Work on Book #4 is proceeding. It seems like if I get too optimistic I get stuck so no optimism here but still aiming for a spring release.

I’m doing a big free promotion on Book #1 in a couple of weeks. Details to come.

All the best in the new year.

Happy Thanksgiving

This beautiful bright orange pumpkin is going to be made into a pie for Thursday’s dessert.

If you missed it, Sweetheart Braves received a terrific review from Dear Author: Recommended Read.

I’m working like crazy on book 4. It’s a pretty rugged first draft but I’m hoping I can finish by the end of the year. Each one is different but generally its easier for me to fix it once I have a draft than it is to make it up out of nothing. I’ll keep you updated.

June Report: Barely On Schedule

I like how this photo looks so dramatic. I’m always rushing to take photos and end up with terrible light and shadows in weird places. It cracks me up when I get something turns out like this.

My brother and sister-in-law have moved back to town. We celebrated BILs birthday last month and I made him a pie. I love this giant pie dish.

I intended to take more photos of the process but I am a failed lifestyle blogger and completely forgot even with the camera sitting on the kitchen counter.

Manuscript is messier than I would like at this point but it’s coming along.

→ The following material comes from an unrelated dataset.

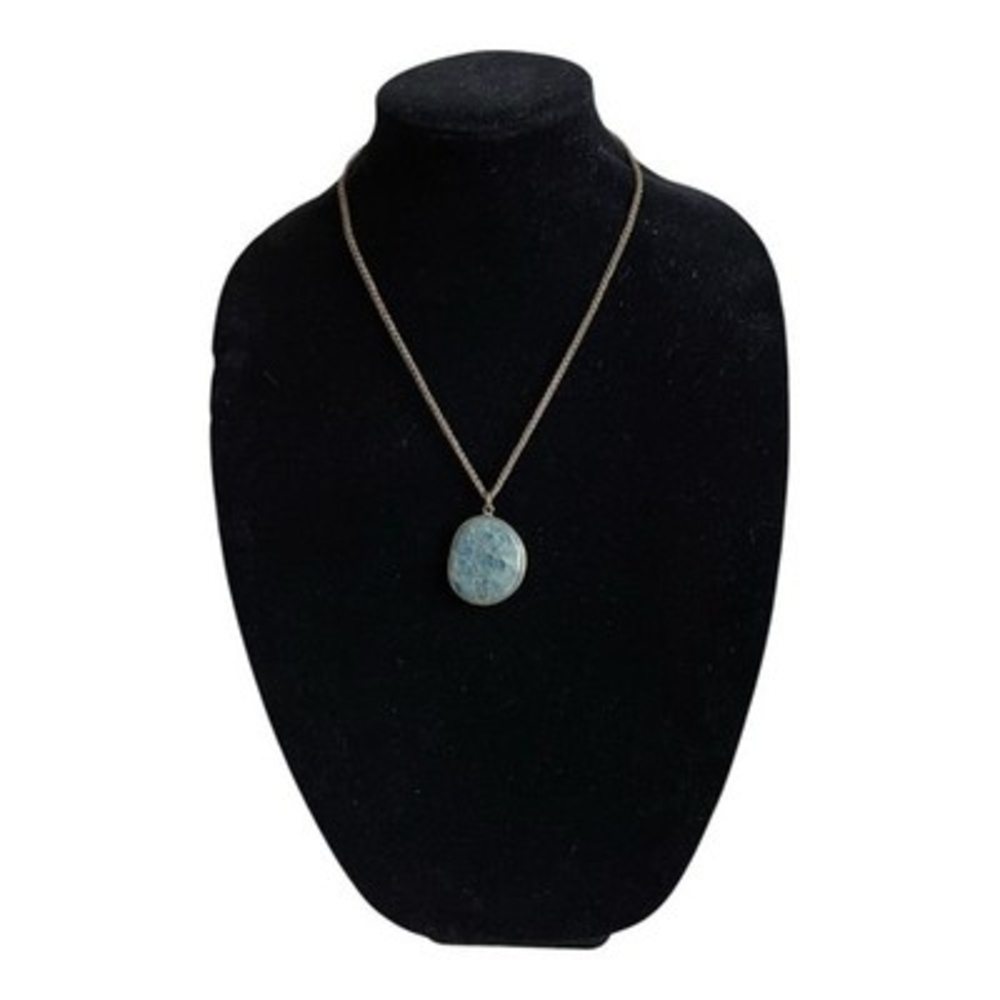 Roost Gold Tone Turquoise Caged Pendant Necklace Boho 20" Vintage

Hopefully I can get it into your hands by the beginning of September.

Summer Bounty Recipe and Free Book Promo

Someone needs classes on foods photography.

This is a recipe I found in a cookbook or magazine at my mom’s. I thought I had the original source but I can’t find it so this will be my adaptation. I thought I had a lot more squash but this was the last of it. When I was in CA visiting family people gave me huge bags of squash to bring home.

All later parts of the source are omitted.